# need help with my setup for sharking from the beach



## shiner2011 (Jul 12, 2013)

I have a Penn 114 H2 special senator/ Penn slammer rod combo. 
I really want to go with a braided line for the extra line capacity so that I can get my bait 4 to 5 hundred yards out and still have enough line for the fish to run if he needs too 
*I just want to know would I be better off going with a lower pound mono or can I use 80 lb braid (power pro)?
Im just wondering what type of line would stand up better to the abrasion from the sandbars?*
And also I would like to see some different leader setups as well, I have no one to talk to about saltwater fishing so Im having to rely on information I get from saltwater fishing forums online, because I live in Arkansas and I will only be saltwater fishing a few times a year (Untill I by a house on the ocean somewhere







) lol...
any recommendations or any advice would be greatly appreciated!!!
thanks


----------



## foreverfishing (Nov 30, 2012)

if you are gonna be fishing this area there is no need to put your bait that far out. that being said don't go straight braid on your reel. but you might want to consider it as backing under some 50+ lb mono. put atleast 300 yds of mono on it and back it with 65lb braid. you'll have enough line to stop a lot of big fish 

http://www.tx-sharkfishing.com/

the system that they use on that website works well for them and many others on here. but there are a lot of ways to rig for sharks off the surf.


----------



## Ugly 1 (Feb 8, 2013)

I have lost several shark leaders using braided line! Nothing worse than tight lines going slack and reeling in a dead line! Your 6/0 should have plenty of capacity with straight mono and if your worried do like FF said and go with braided backing and a mono top shot. It will save you a lot of $ and grief. UGLY


----------



## shiner2011 (Jul 12, 2013)

I've decided to put braid on as backing and then go with 50lb mono on top of that... 
I know this is a stupid question but I figure that someone has done it before and may can tell me what to do.... after all, the reason you ask questions on a forum is to learn right... lol
My Penn special senator 6/0 reel will hold the following amounts of line

(Mono capacity) Yards/lbs (braid Capacity) 
450/50 1250/65 

I want to use about 350 yards of 50lb monofilament and put braid under that but im not sure how much braid Im going to need to use? If I use 50 lb power pro which is equivelant to 12 lb mono or something around that anyways, how much braided line will I be able to put on my reel and what should my total length of line on my reel be?
the small diameter of the braid has got me so confused about how many yards that will put on my reel.....
Im just trying to get the best out of my reel... I want a lot of line and like everyones telling me that mono is the best to use, im just trying to get some extra line just in case I hook into a monster, I don't want to be spooled... just saying!!!
Thanks to anyone who can help me with this problem!!!


----------



## johnf (Jan 20, 2012)

What size sharks are you wanting to catch? 
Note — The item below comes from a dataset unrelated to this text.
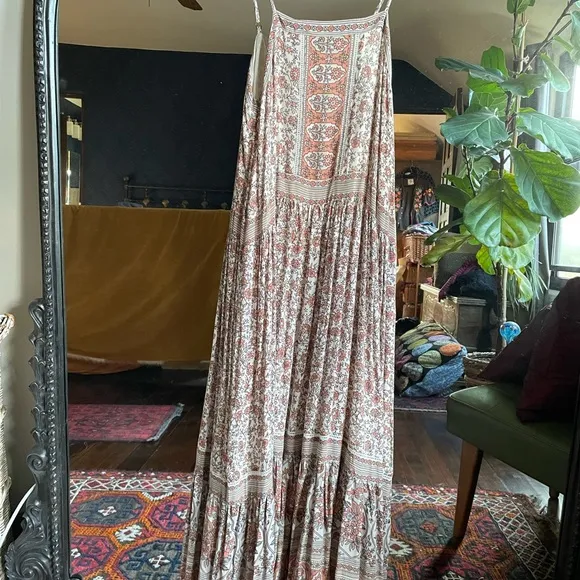 Spell Jasmine strappy maxi, cream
I've got a couple leaders left from my trip from this summer and live in Arkansas. Where are you at, I could spare a couple.



















I was using a Penn 309 with 30# mono on both, also caught about a 4' Stingray on the same setup. Baits were yaked out about 175-200 yards.


----------



## johnf (Jan 20, 2012)

Here's a Penn line capacity chart. 










I would guess 600 yards of 50lb line is plenty for the vast majority of sharks. I say spool it up with some good line and be done with it


----------



## johnf (Jan 20, 2012)

Here's the chart.


----------



## shiner2011 (Jul 12, 2013)

johnf said:


> What size sharks are you wanting to catch?
> 
> I've got a couple leaders left from my trip from this summer and live in Arkansas. Where are you at, I could spare a couple.
> 
> ...


I'm after any size sharks really... lol with that being said I would really like to catch some in the 6 to 8 foot range and even bigger than that depending on the species of shark lol 
I live in *Crossett Arkansas*, its in south Arkansas... 
*where are you located in Arkansas*? and
*what kind of leaders do you have? and would you be willing to sell them?*
thanks


----------